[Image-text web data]
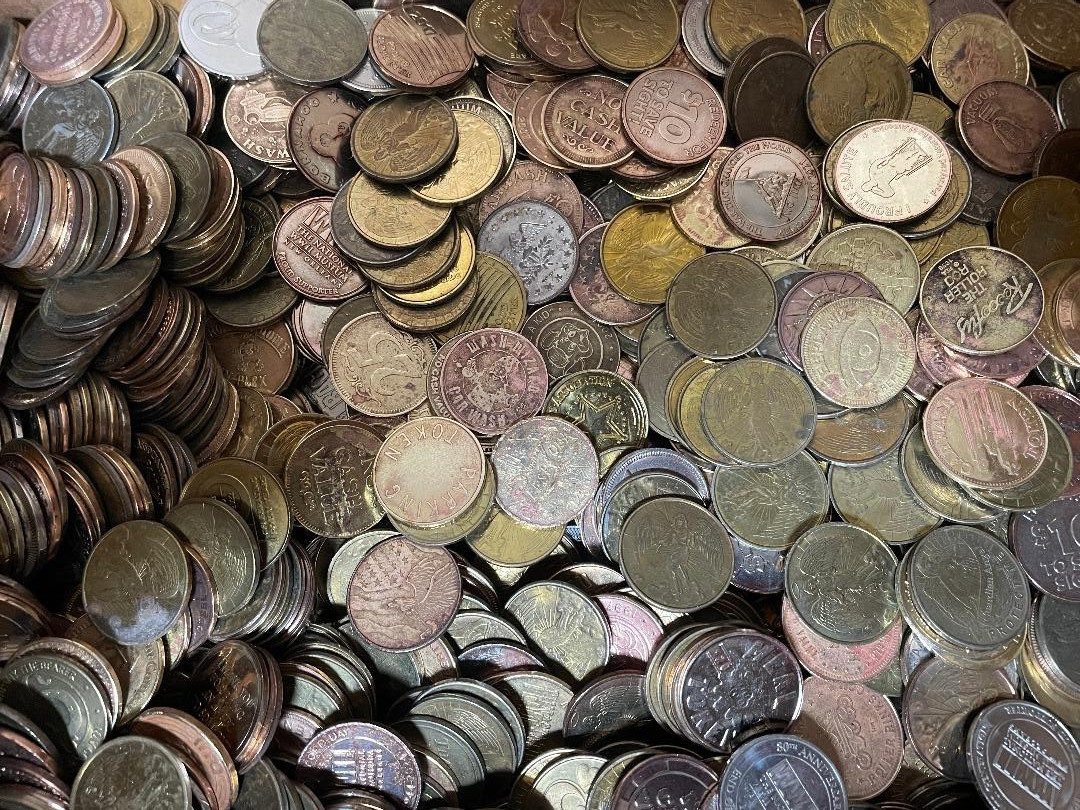 1000 UUUUGLY Pachislo Tokens .984″ / 25mm, most are magnetic READ DETAILS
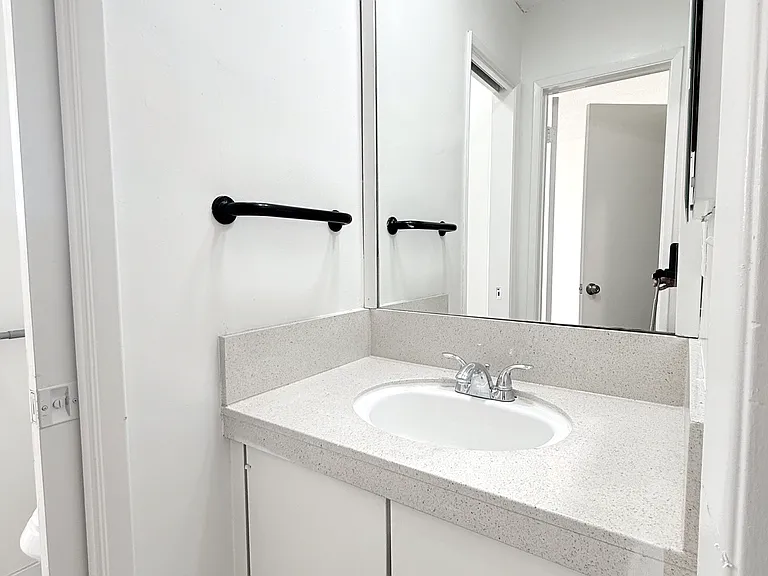 712 N Adams St #10 — Photo 18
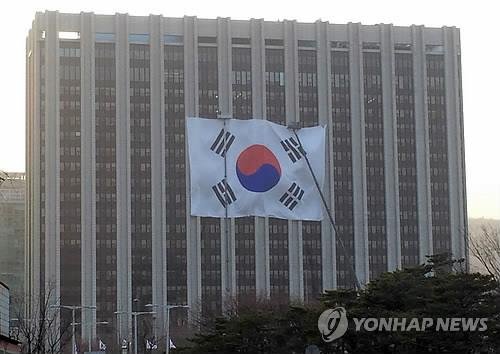 "GDP 대비 정부부채 비율 역대 최고"…나랏빚에 경고등 서울 정부종합청사 전경 [연합뉴스 자료사진]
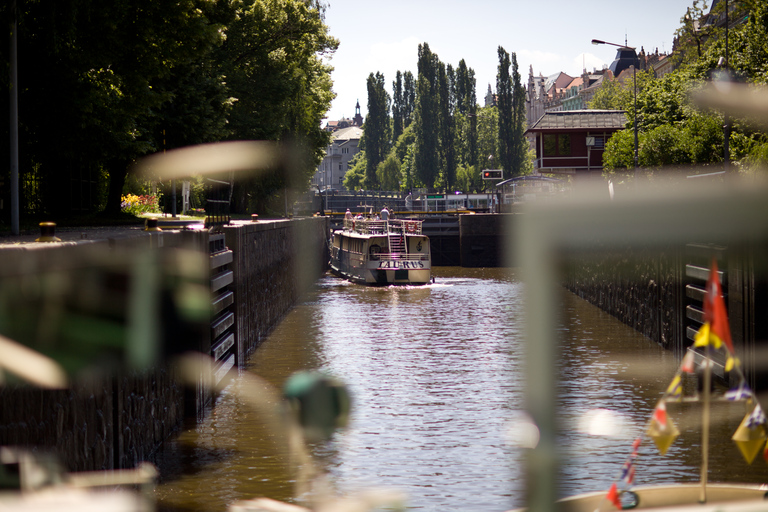 Praag: Sightseeing-biercruise in de middag met gratis drankjesPraag: Sightseeing-biercruise op de Moldau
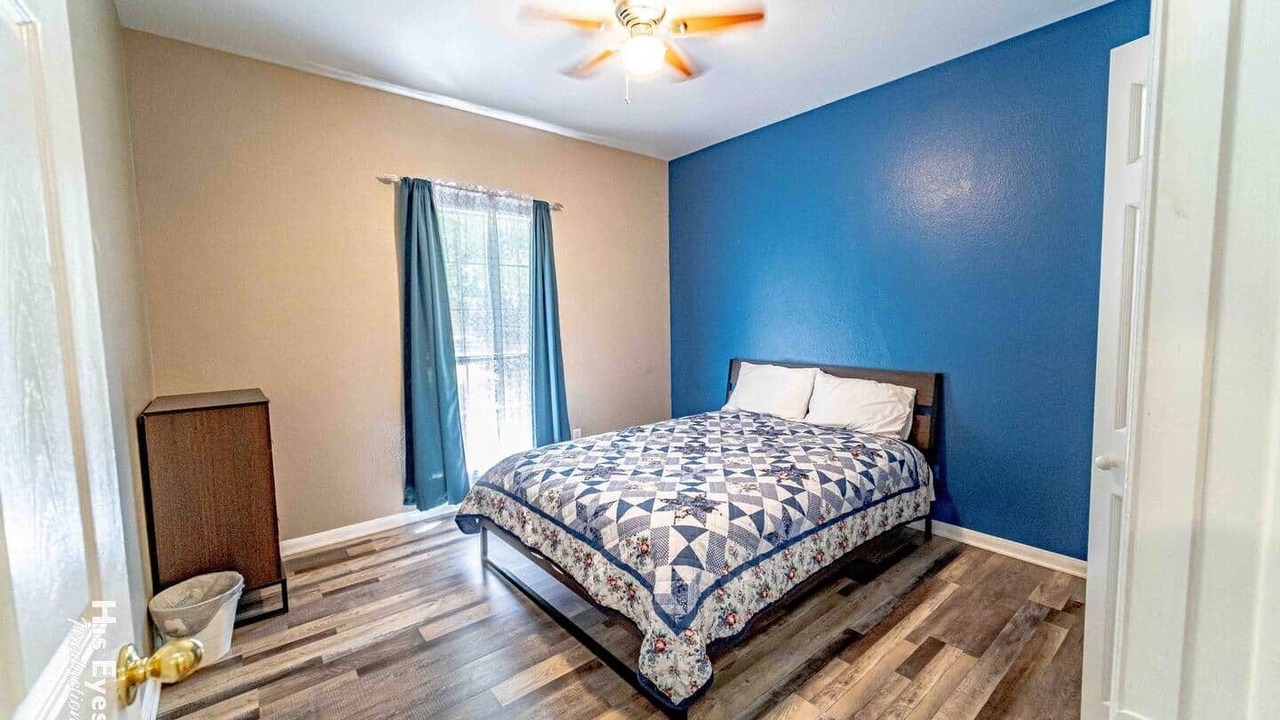 Photo of Bedroom in Hutto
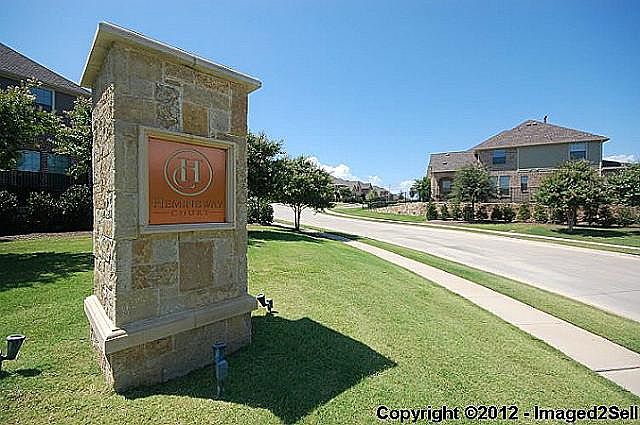 2nd image of 10541 Chaucer Hill Ln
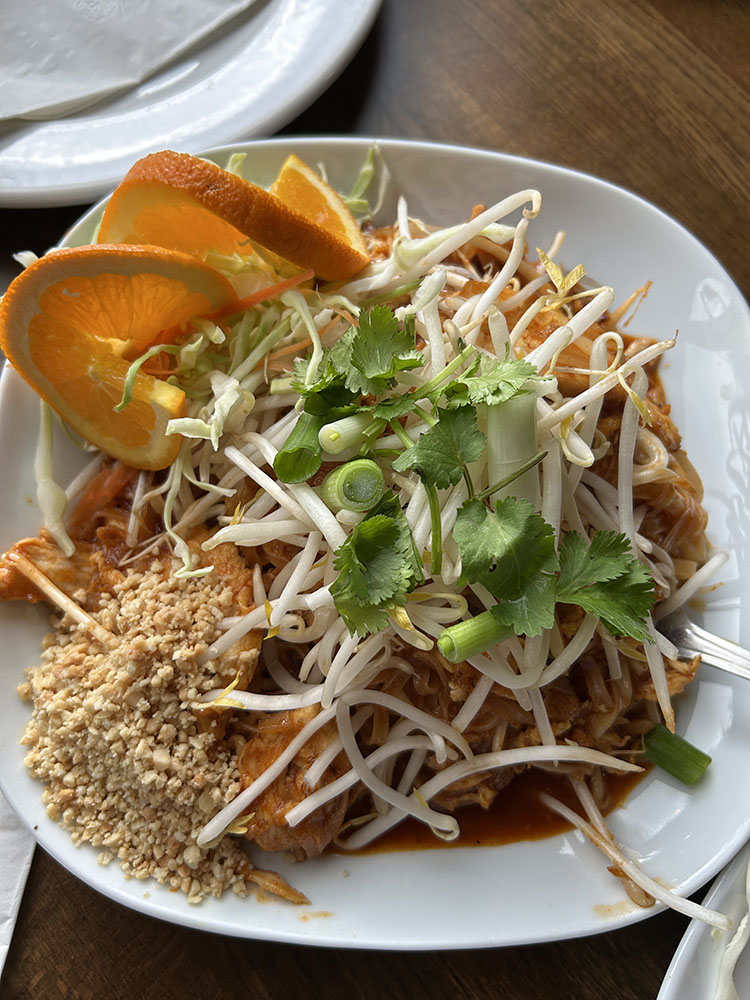 Noodles-Thai-Paradise 2. Fried Thai Spring Rolls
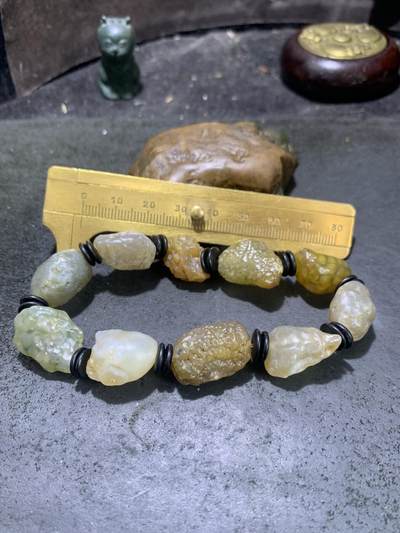 精美冰透高玉化筋脉石老料原石手串一条， 精美冰透高玉化筋脉石老料原石手串一条，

● **Assignment**
Wherever a picture appears in the data, please drop it and retype the rest exactly.

● **Result of the task**
 1000 UUUUGLY Pachislo Tokens .984″ / 25mm, most are magnetic READ DETAILS
 712 N Adams St #10 — Photo 18
 "GDP 대비 정부부채 비율 역대 최고"…나랏빚에 경고등 서울 정부종합청사 전경 [연합뉴스 자료사진]
 Praag: Sightseeing-biercruise in de middag met gratis drankjesPraag: Sightseeing-biercruise op de Moldau
 Photo of Bedroom in Hutto
 2nd image of 10541 Chaucer Hill Ln
 Noodles-Thai-Paradise 2. Fried Thai Spring Rolls
 精美冰透高玉化筋脉石老料原石手串一条， 精美冰透高玉化筋脉石老料原石手串一条，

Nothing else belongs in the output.